Die Karrierestatistiken von John Stockton
Team | Saisons | Spiele / Minuten | Punkte | Rebounds | Assists | FG% | 3FG% |
Jazz | 19 | 1504 / 31,8 | 13,1 | 2,7 | 10,5 | 51,5 | 38,4 |
Auch ohne Ring ein Mann für die großen Momente
"Einige sind über 1000 Meilen angereist, um mich hier zu unterstützen. Obwohl sie wahrscheinlich eher gekommen sind, um Michael zu sehen. Da trifft er einen wichtigen Wurf und alle halten ihn für so cool - das versteh ich einfach nicht."
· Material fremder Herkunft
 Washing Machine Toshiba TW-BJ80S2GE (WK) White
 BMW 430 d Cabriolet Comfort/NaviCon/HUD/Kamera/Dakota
Wer an Stockton denkt, der denkt nicht nur an Malone, sondern auch an die NBA-Finals 1997 und 1998 - und deshalb an die "beste Spieler ohne Titel"-Liste. Was man nicht vergessen sollte: In der Postseason bewies der Point Guard ein ums andere Mal, dass er sich nicht scheute, die wichtigen Würfe zu nehmen, und so sein "Clutch"-Gen unter Beweis zu stellen.
So war er es, der in den Conference Finals '97 die Houston Rockets per Last-Second-Dreier ausschaltete und den Jazz das Final-Ticket sicherte. Und Tage später Spiel 4 gegen die Bulls fast im Alleingang drehte.
Als diese nämlich in den letzten Minuten drauf und dran waren, mit 3-1 in Führung zu gehen, traf Stockton zuerst den ganz tiefen Dreier, dann klaute er Jordan den Ball und zog zwei Freiwürfe. Unvergessen wenig später sein Rebound und Outlet-Pass auf Malone, der den Jazz schließlich den Sieg brachte. Auch wenn ihm der Ring verwehrt blieb: An großen Momenten in den Playoffs fehlte es nicht.
John Stockton: Eine lebende Jazz-Legende
"Die meisten Point Guards spielen neun bis zwölf Jahre auf einem hohen Level; Stockton tat das 18 Jahre lang und verpasste in 17 Jahren kein einziges Spiel." (Bill Simmons)
Der Mann, der trotz aller Bestmarken Zeit seiner Karriere nicht einmal einen Spitznamen verliehen kam, hinterlässt ein gigantisches Erbe: 15086 Assists, 3715 mehr als Jason Kidd auf Platz zwei. 3265 Steals - ebenfalls mit großem Abstand Platz eins.
Spiele mit 20 Punkten, 28 Assists und 8 Steals, die es heutzutage schlicht und ergreifend nicht mehr gibt. Ein PER von 21 im Alter von 40 Jahren - er hätte 2002 problemlos noch ein paar effektive Jahre dranhängen können. Dass er es nicht einmal unter die Top sechs im MVP-Voting schaffte, lässt heute einfach nur staunen.
Eine lebende Legende ist der Vater von mittlerweile sechs Kindern - Sohn Michael versuchte sich auch schon in der BBL - dennoch. Ganz besonders bei den Jazz, für die der gläubige Katholik 1504 Spiele bestritt (Rekordmarke für eine einzige Franchise). Die er 19 Mal in die Postseason führte. Bei denen er seinen Vertrag verlängerte, indem er sich mit Besitzer Larry Miller an einen Tisch setzte und jeder einen Betrag auf ein Blatt Papier schrieb.
Wer heute in Salt Lake City zur Vivint Smart Home Arena will, muss zuerst den John Stockton Drive überqueren - er kreuzt sich, wie könnte es anders sein, mit dem Karl Malone Drive. Vor dem Eingang wartet eine Bronze-Statue. Stilecht im Moment der Ballabgabe, das Jersey mit der nicht mehr vergebenen Nummer 12 übergestreift.
Und natürlich den extrem kurzen Hosen.